Provided records Start Marker

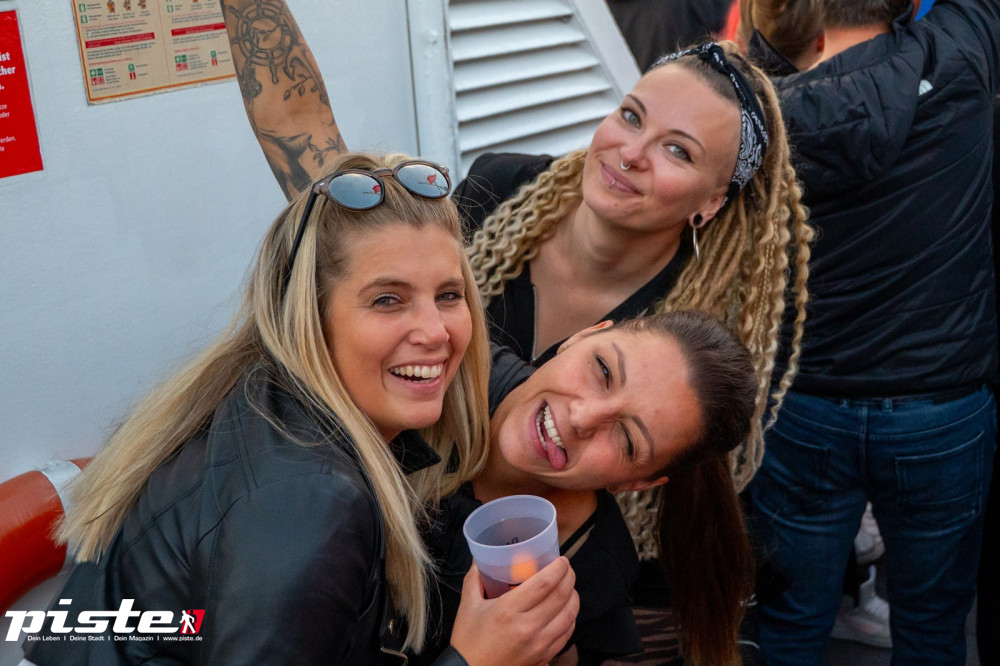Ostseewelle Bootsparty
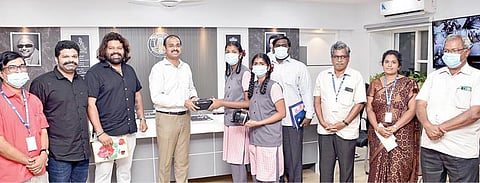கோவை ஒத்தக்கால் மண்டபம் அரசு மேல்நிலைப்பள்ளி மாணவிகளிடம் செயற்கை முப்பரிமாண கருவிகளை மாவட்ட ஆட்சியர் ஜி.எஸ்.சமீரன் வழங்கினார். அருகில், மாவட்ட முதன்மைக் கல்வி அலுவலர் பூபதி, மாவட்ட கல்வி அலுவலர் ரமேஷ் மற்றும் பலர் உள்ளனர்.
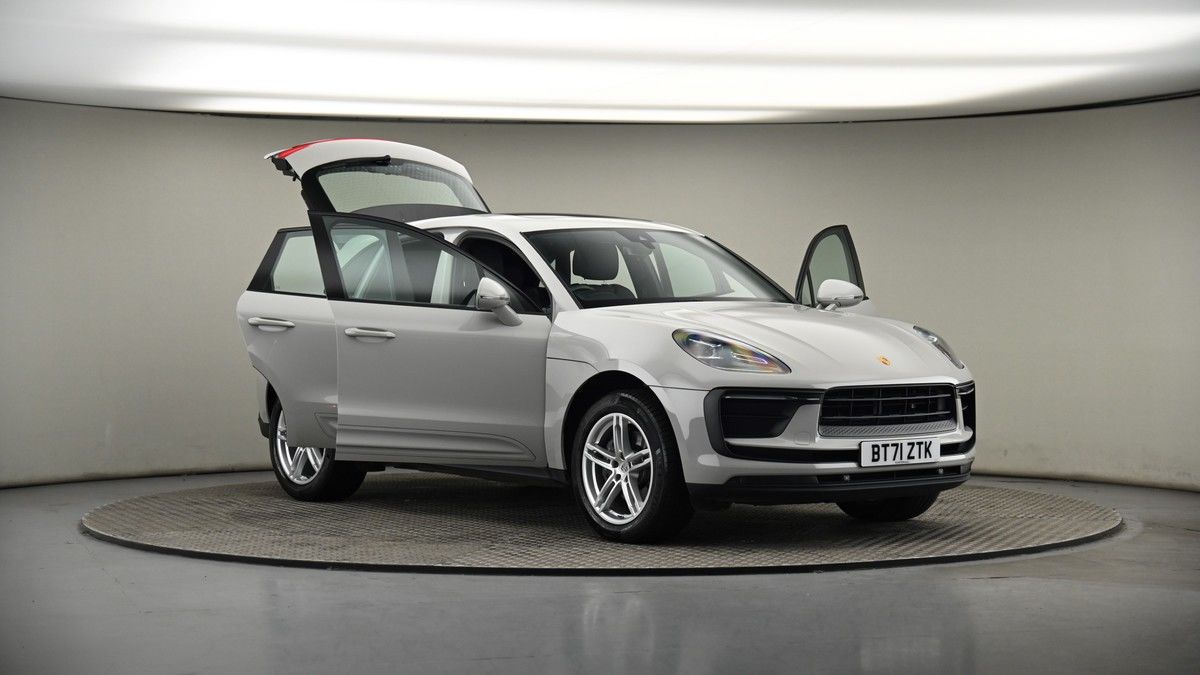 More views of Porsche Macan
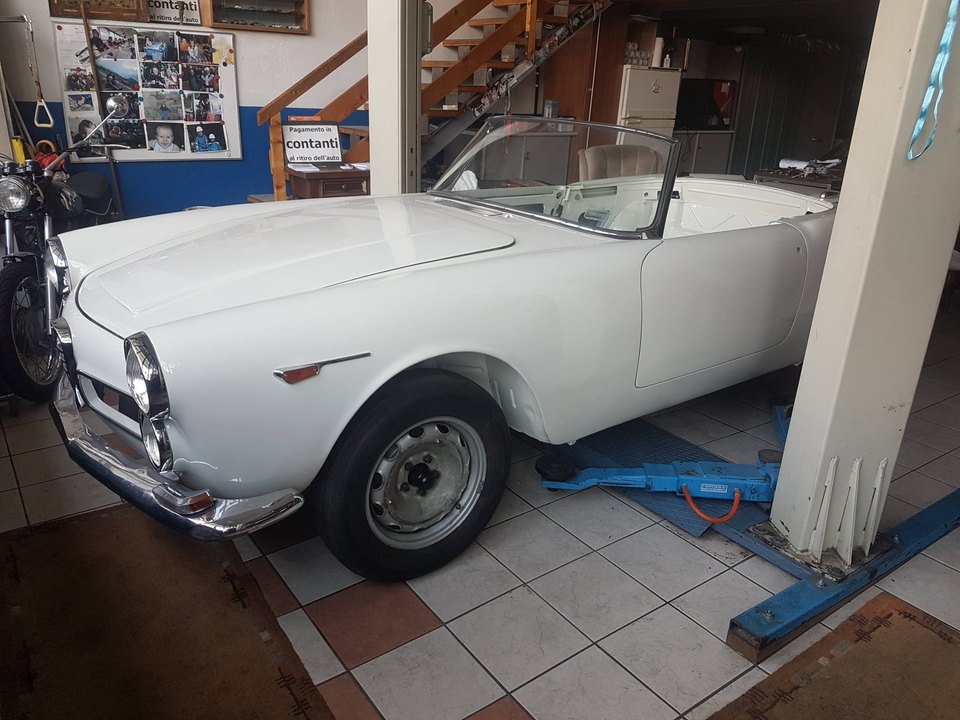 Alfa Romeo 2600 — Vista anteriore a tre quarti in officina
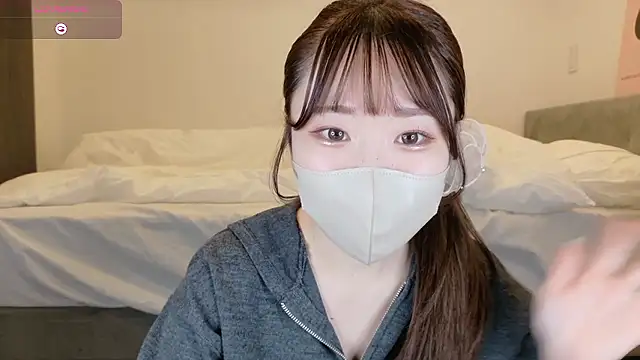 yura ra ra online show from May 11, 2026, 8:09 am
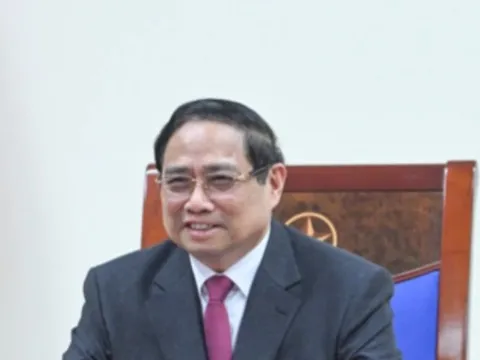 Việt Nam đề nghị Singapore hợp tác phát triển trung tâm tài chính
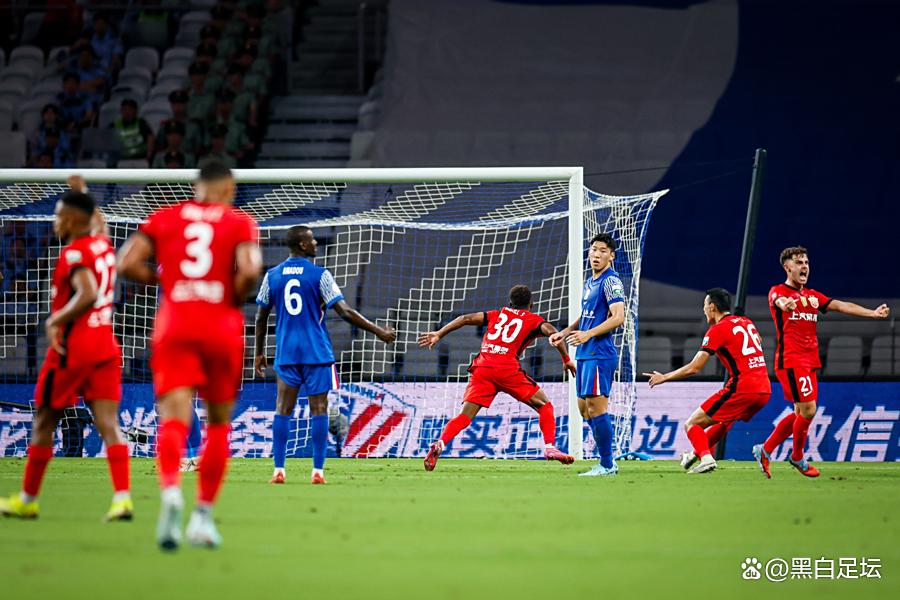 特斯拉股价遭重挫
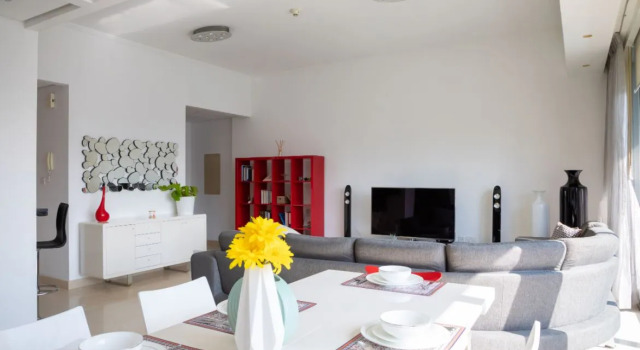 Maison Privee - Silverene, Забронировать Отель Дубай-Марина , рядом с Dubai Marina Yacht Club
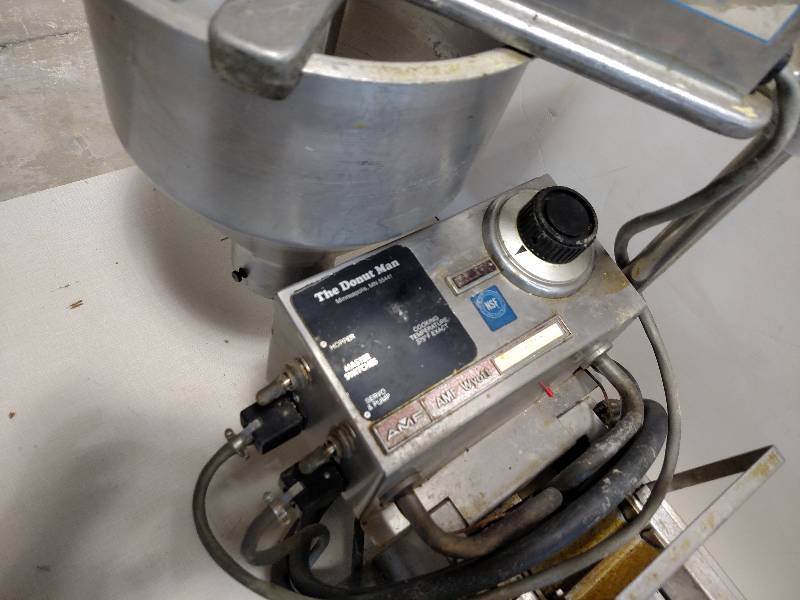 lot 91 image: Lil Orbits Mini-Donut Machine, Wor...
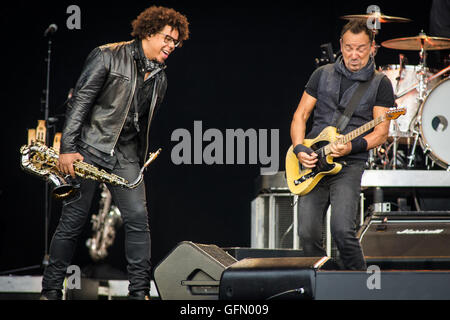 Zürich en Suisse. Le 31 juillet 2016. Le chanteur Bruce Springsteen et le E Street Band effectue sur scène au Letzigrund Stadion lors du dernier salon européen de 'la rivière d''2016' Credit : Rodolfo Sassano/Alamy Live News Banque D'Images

Provided records End Marker
Provided records Start Marker

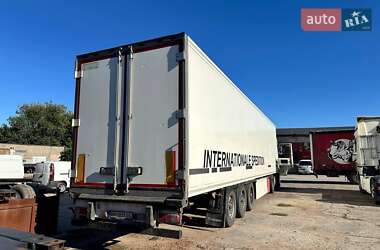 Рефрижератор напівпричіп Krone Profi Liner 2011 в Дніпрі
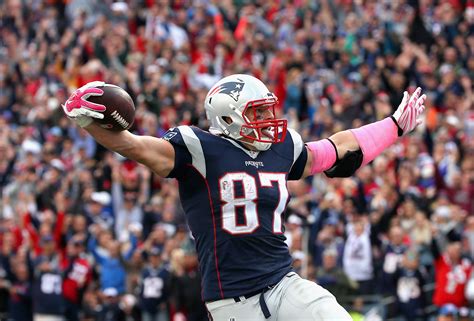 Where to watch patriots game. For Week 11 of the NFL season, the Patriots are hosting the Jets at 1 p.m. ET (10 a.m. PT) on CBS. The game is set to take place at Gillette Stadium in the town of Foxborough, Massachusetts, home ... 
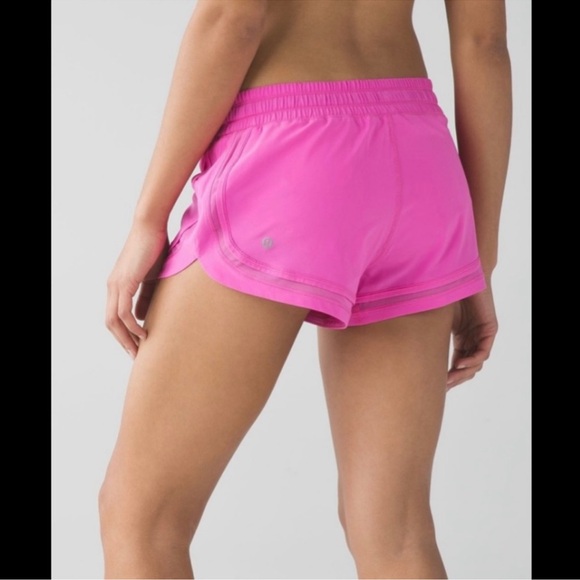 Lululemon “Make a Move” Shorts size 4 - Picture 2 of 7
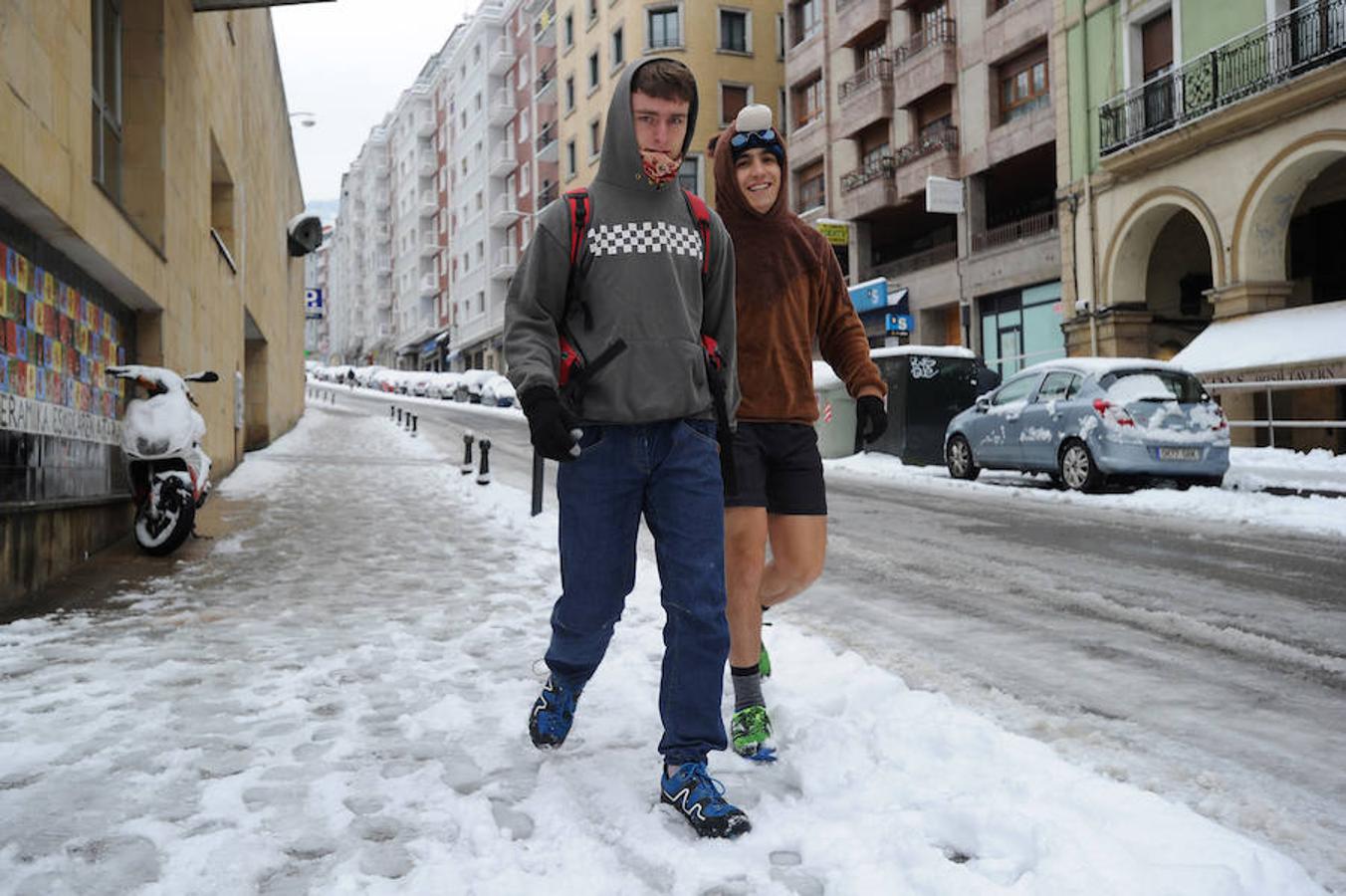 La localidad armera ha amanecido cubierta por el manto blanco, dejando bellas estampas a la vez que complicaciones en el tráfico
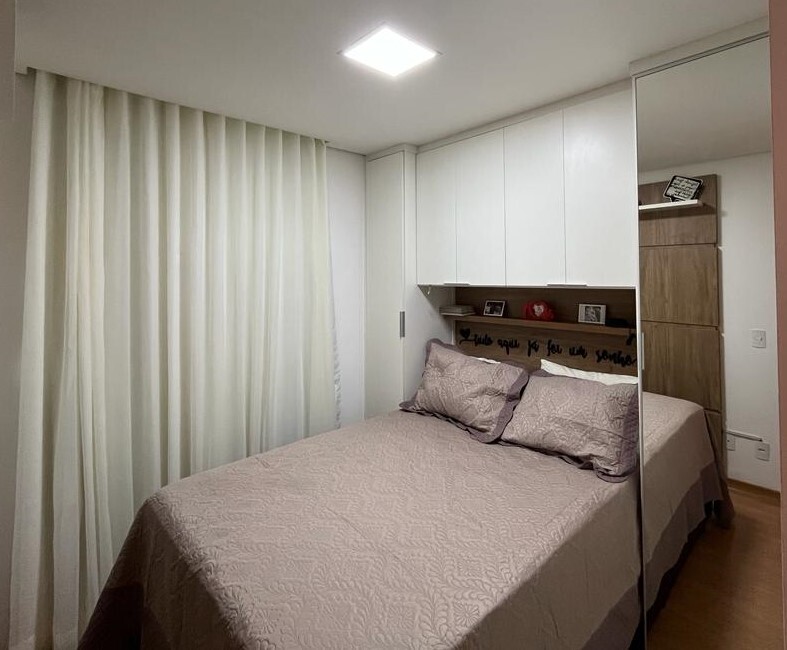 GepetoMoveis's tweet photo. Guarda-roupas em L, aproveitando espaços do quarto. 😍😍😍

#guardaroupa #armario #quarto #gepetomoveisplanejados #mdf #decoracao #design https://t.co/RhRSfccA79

Provided records End Marker
Provided records Start Marker

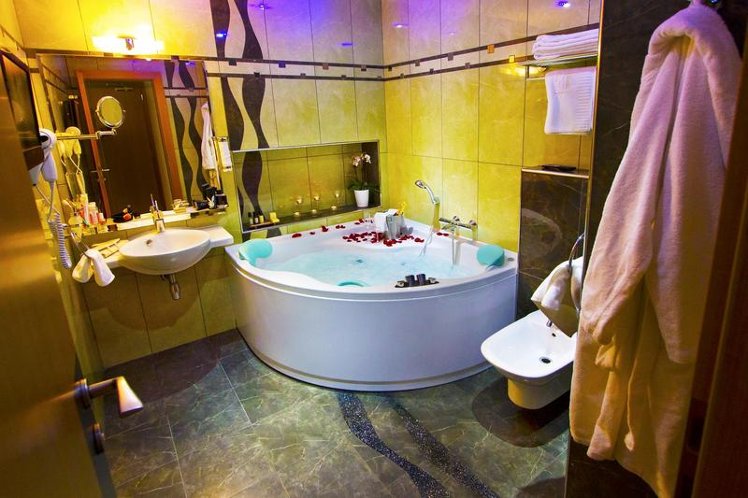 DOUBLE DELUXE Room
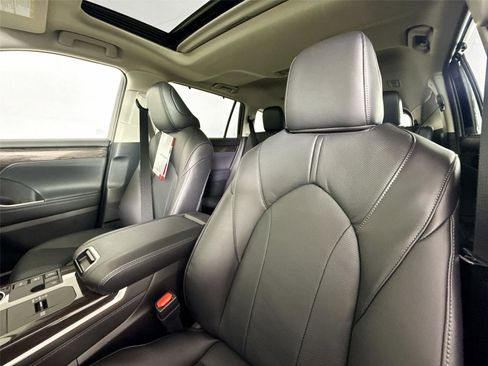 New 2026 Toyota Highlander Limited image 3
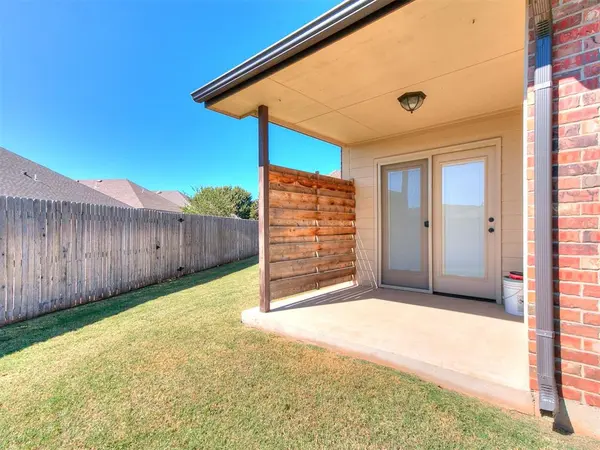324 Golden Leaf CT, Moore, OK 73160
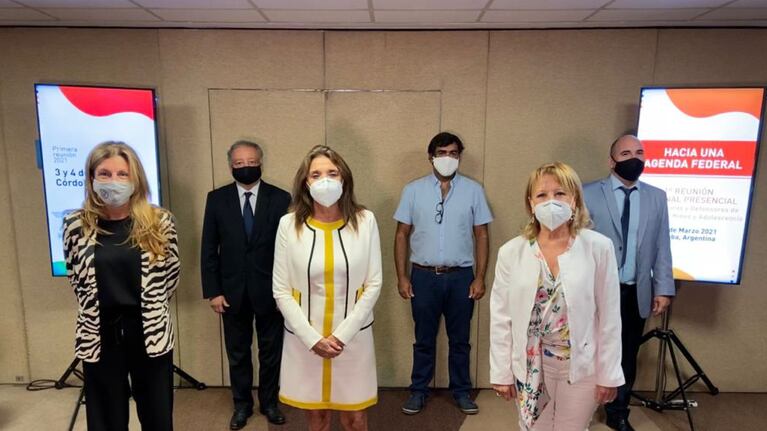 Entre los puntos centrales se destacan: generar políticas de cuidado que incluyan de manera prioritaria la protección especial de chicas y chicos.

Provided records End Marker

*How to complete this task*:
Pictures aside, print exactly the lines above starting with the one containing "New 2026 Toyota Highlander Limited image 3" and going on through the one containing "Entre los puntos".

*Exercise result*:
 New 2026 Toyota Highlander Limited image 3
324 Golden Leaf CT, Moore, OK 73160
 Entre los puntos centrales se destacan: generar políticas de cuidado que incluyan de manera prioritaria la protección especial de chicas y chicos.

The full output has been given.